— RECORD SET —
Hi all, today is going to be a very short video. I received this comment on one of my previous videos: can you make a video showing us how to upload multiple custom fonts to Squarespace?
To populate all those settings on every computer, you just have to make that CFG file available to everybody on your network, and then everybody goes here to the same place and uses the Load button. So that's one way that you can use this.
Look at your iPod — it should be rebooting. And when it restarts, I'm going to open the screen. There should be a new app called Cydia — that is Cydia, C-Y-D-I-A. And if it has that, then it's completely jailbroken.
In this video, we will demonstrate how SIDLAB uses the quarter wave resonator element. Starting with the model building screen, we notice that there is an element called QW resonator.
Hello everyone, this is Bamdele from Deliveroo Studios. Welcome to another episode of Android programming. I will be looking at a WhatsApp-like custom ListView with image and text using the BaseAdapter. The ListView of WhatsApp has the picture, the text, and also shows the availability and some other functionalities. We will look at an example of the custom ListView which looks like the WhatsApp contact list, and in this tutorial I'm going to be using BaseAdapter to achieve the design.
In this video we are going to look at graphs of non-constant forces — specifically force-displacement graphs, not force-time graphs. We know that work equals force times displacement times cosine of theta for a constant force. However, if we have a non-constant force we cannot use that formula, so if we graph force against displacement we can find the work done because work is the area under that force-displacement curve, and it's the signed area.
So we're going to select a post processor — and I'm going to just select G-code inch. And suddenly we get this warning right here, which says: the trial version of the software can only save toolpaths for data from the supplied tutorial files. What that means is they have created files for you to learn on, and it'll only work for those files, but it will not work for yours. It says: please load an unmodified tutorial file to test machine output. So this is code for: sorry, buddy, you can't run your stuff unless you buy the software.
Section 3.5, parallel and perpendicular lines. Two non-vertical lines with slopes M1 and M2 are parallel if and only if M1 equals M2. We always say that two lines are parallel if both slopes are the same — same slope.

---

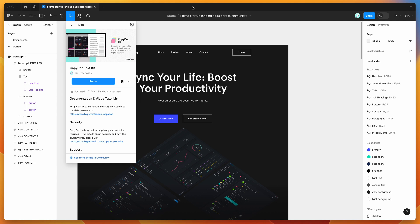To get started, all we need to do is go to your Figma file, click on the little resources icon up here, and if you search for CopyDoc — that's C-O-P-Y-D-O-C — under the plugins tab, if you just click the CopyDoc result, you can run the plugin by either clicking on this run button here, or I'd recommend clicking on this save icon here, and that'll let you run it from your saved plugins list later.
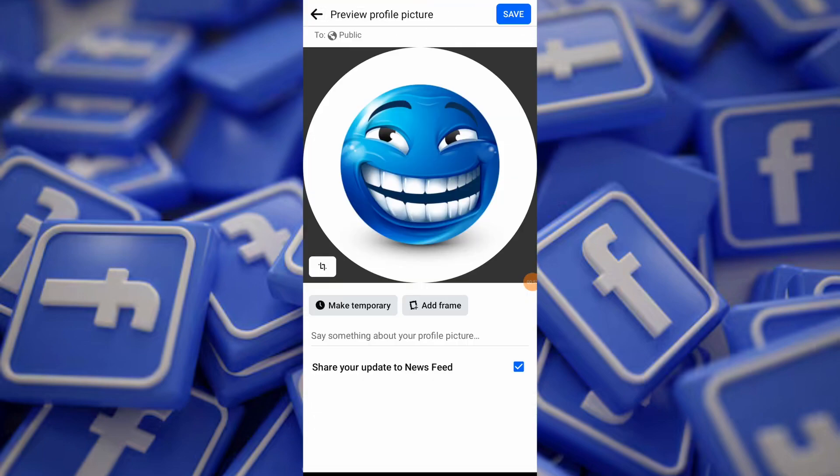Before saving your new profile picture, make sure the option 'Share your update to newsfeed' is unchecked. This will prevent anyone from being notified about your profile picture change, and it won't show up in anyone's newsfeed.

— EXERCISE PROMPT —
Taking the entries above, print exactly the lines starting at the line with "Hi all, today" and ending at the line with "Hello everyone, this", both included.

— WORKED SOLUTION —
Hi all, today is going to be a very short video. I received this comment on one of my previous videos: can you make a video showing us how to upload multiple custom fonts to Squarespace?
To populate all those settings on every computer, you just have to make that CFG file available to everybody on your network, and then everybody goes here to the same place and uses the Load button. So that's one way that you can use this.
Look at your iPod — it should be rebooting. And when it restarts, I'm going to open the screen. There should be a new app called Cydia — that is Cydia, C-Y-D-I-A. And if it has that, then it's completely jailbroken.
In this video, we will demonstrate how SIDLAB uses the quarter wave resonator element. Starting with the model building screen, we notice that there is an element called QW resonator.
Hello everyone, this is Bamdele from Deliveroo Studios. Welcome to another episode of Android programming. I will be looking at a WhatsApp-like custom ListView with image and text using the BaseAdapter. The ListView of WhatsApp has the picture, the text, and also shows the availability and some other functionalities. We will look at an example of the custom ListView which looks like the WhatsApp contact list, and in this tutorial I'm going to be using BaseAdapter to achieve the design.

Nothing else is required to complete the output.